If you read broadly, you see that literature’s about almost anything. I really appreciate what Zadie Smith said about this. Literature is a big tent; there’s a lot of room under the big top for all kinds of circus acts. And things under the bleachers, too, or whatever. That conversation helped me to forge my own identity as a writer that was singular and separate from whatever had been given to me in school. I only saw it as a positive, always.

One other thing, too. At that time as well, it seemed like New York was the center of the world when it came to everything. What the internet did was, it gave writers like me, who  were doing something a little bit different, the ability to engage with readers and to build an audience outside of any sort of support structure that had to externally validate me. That was also a very good thing. Probably some people in the room today are here because of that conversation.

 

I’m always asked about Brooklyn writers, or New York writers, and I have to say, “I think writers outside of New York are the most fascinating. They want to share, and they want to talk about these things.” You’re usually the first example that pops into my head.

Well, I’d love to move here, so…

 

You say that now, but then, when you spend twenty dollars every time you walk outside…  One of the things that strikes you the moment you open the book–well, it’s two pages in. You break the fourth wall by prompting the reader not to skip around. And you talk about how the stories were–I forget the terminology–a graveyard, or a used auto parts… Whatever it was–

I like the used auto parts.

 

It’s the Midwesterner in me, always going back to cars. Was it a big, elaborate plan? These stories and essays were placed in places, but you have–

Do you mean, was it a plan on the front end, like I schemed ten years ago…

 

Kind of.

I wish I was that smart.

 

Did the stories come first, and then the idea to bring them together, or…

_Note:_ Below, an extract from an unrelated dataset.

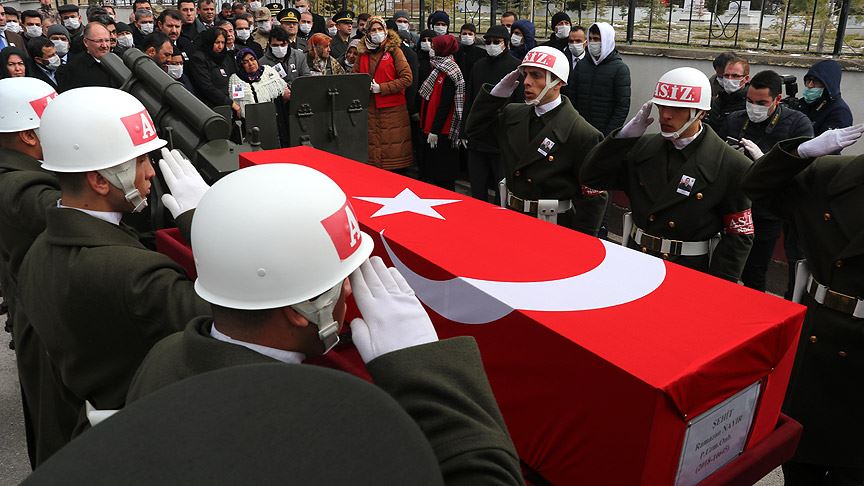 Zeytin Dalı bölgesinde şehit olan asker son yolculuğuna uğurlandı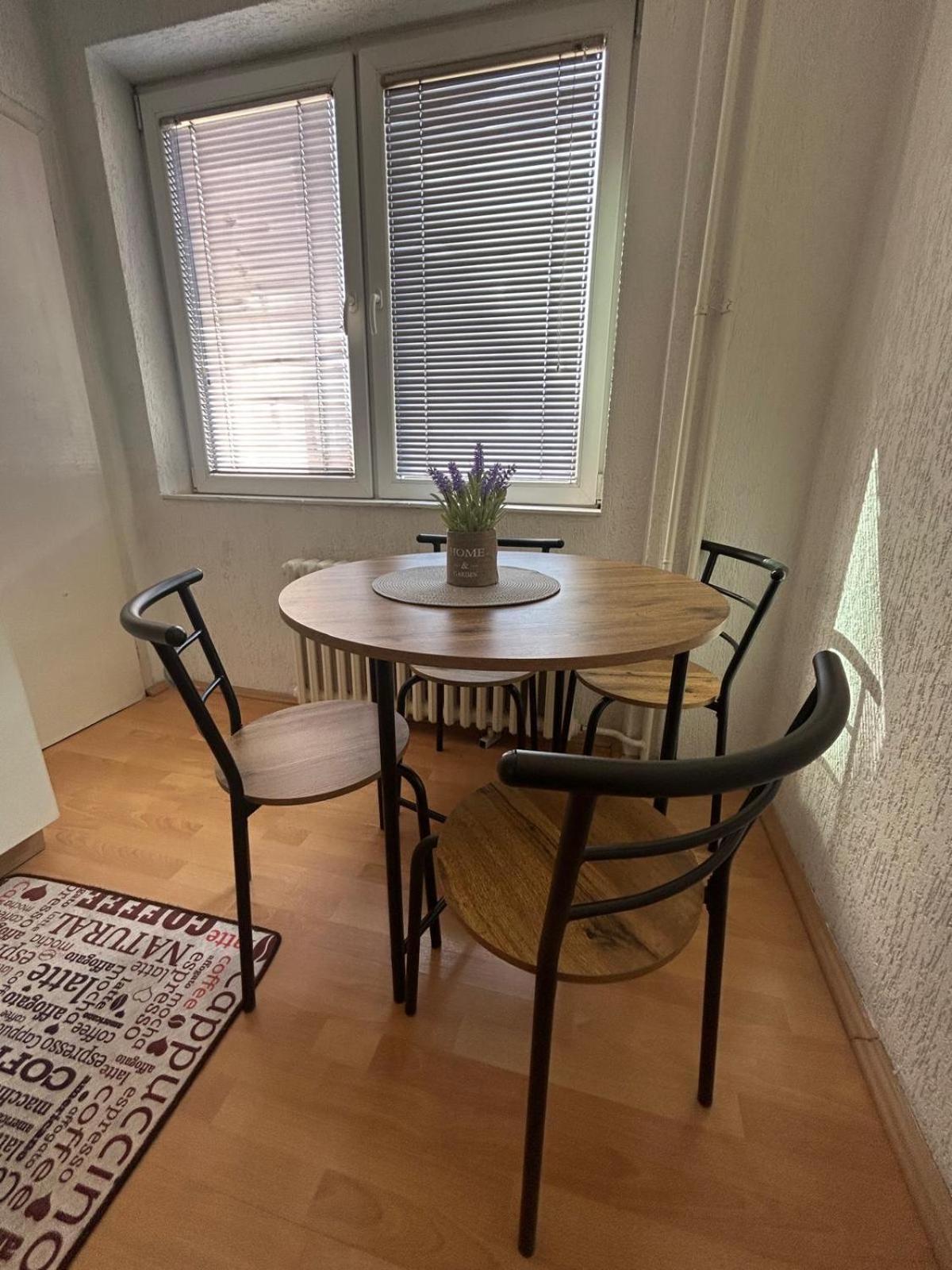 Cinema Vardar Apartment Szkopje Kültér fotó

Yeah; the book came last. It came through the rite of spreading the stuff out. Also, I’ve had this novel I’ve been working on for seven years, and I just can’t let it go. Everybody’s angry with me about it. But I didn’t want to let it go until it was right. And I was also aware that the best writing that I’ve ever done, outside of that, was sitting uncollected. It had been a while since my first book, and people were asking me about it, and I wanted people to read those stories. So, it was an organic process.

Now, after it happened, I got real picky about it. I’ll show you the page that Jason is talking about. I put in this note to the reader: “These stories are meant to be read in order. This is a book, not just a collection. Don’t skip around.”  Of course, every mean reviewer, that’s the first thing they complain about. Which is fine, because it is a provocation. But the reason is because, as the stories started to be in conversation, they started to fall into a structure. The stories in the second part are kind of sequels to stories in the first part. There’s a story in the middle that’s kind of a hinge that all of the other stories fall into. The last words of the book, in the last story, stand in not only for that story, but for the whole book. The story begins with a piece called, “The Question of Where We Begin” that’s an interrogation of beginnings. And there’s a design that’s built into it where some of the book’s secrets begin to unfold, at a regulated rate.

I did want to say to the reader, “Read it like that.” But I also felt that, if a reader didn’t want to, maybe it would produce a little of that white heat: “I’ll show you! I’m going to read it out of order!” And they’ll read it anyway, and I felt good about that, too. Ben Marcus has apparently been going to readings saying, “I’m reading this book, but I’m reading it out of order.” I’m glad he’s reading it at all.

 

I had to re-read it for note-taking purposes, and I totally skipped around, like, “I’m mocking you, Kyle Minor!”

The last vestige of my fundamentalism has manifested itself in my author’s note.